**DATA**
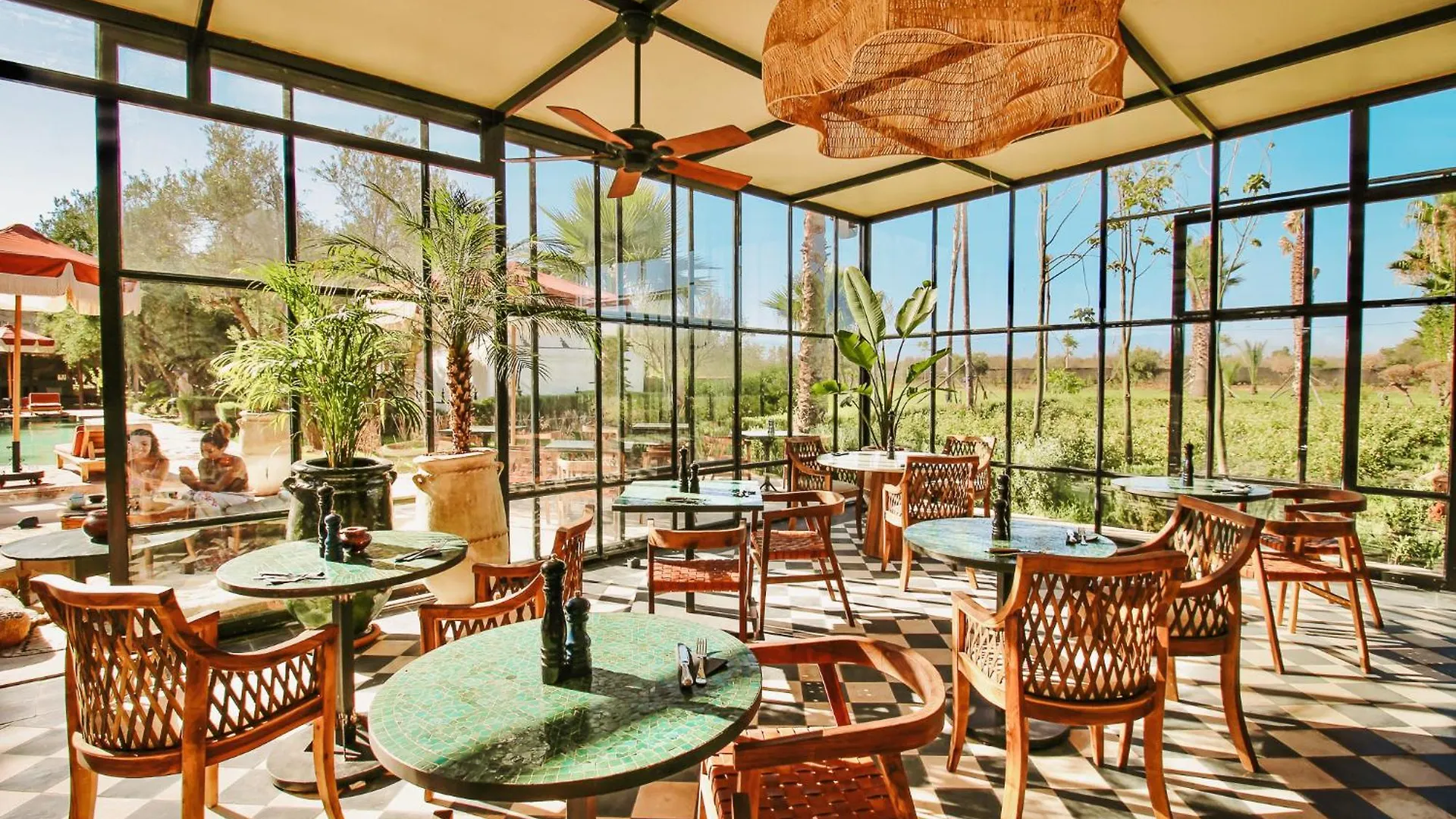 *** Bed & Breakfast Hotel & Spa La Ferme El Dar Marrakesh Morocco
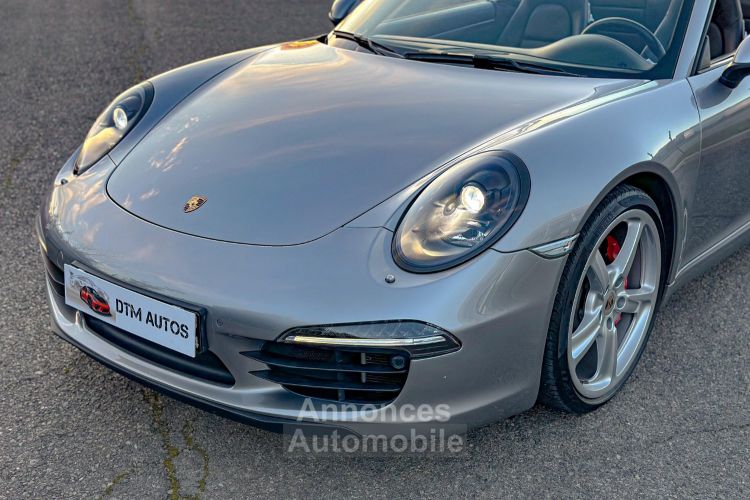 Porsche 991 CARRERA S CABRIOLET 3.8 L 400 Ch PDK FR - <small></small> 67.500 € <small>TTC</small> - #33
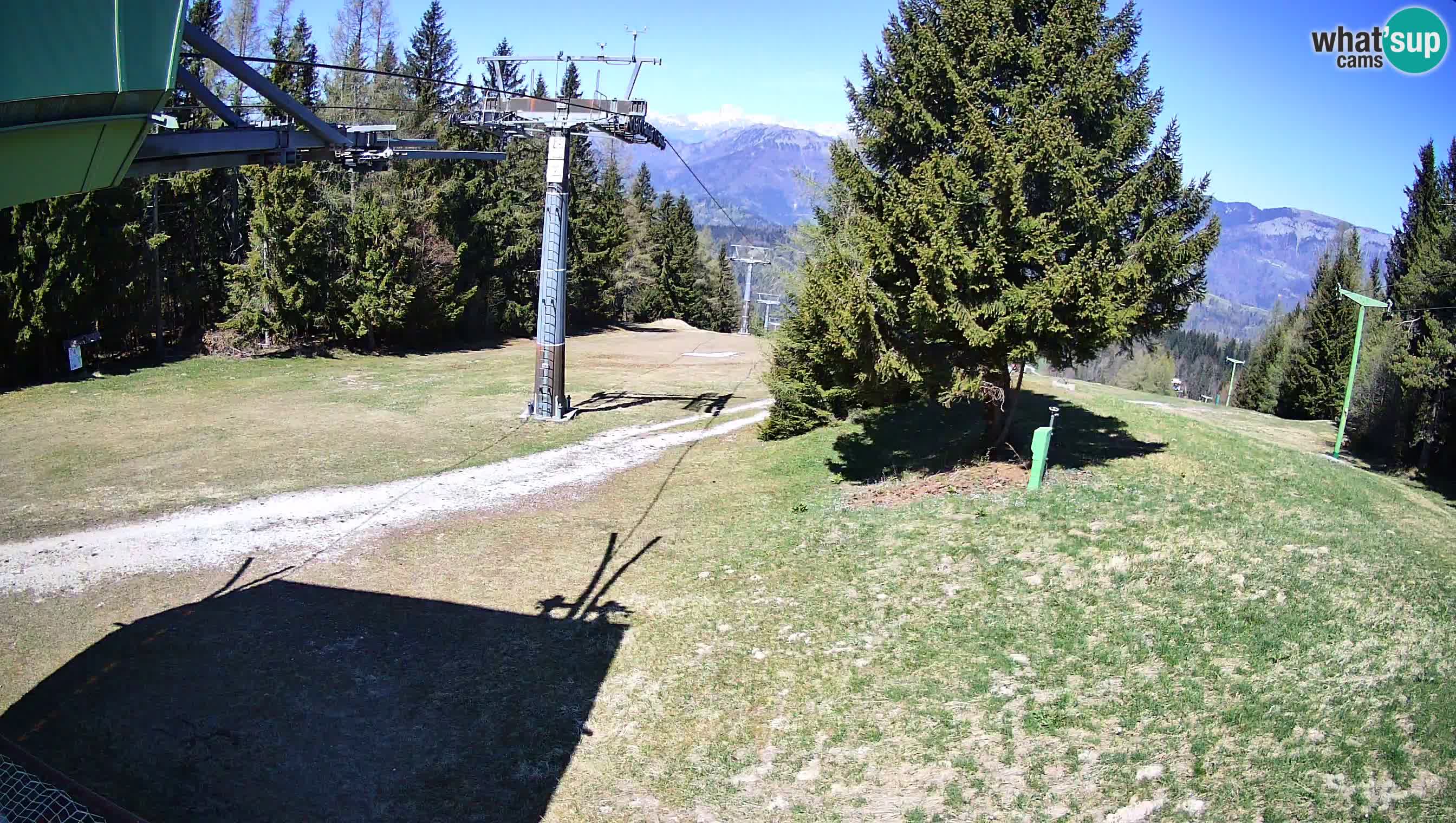 Cámara en vivo Estación de esquí de Cerkno Lom – Eslovenia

**WORK ORDER**
Starting at the line that contains "Porsche 991 CARRERA", retype each line through the final one in the listing, with both ends kept and the pictures omitted.

**OUTPUT**
 Porsche 991 CARRERA S CABRIOLET 3.8 L 400 Ch PDK FR - <small></small> 67.500 € <small>TTC</small> - #33
 Cámara en vivo Estación de esquí de Cerkno Lom – Eslovenia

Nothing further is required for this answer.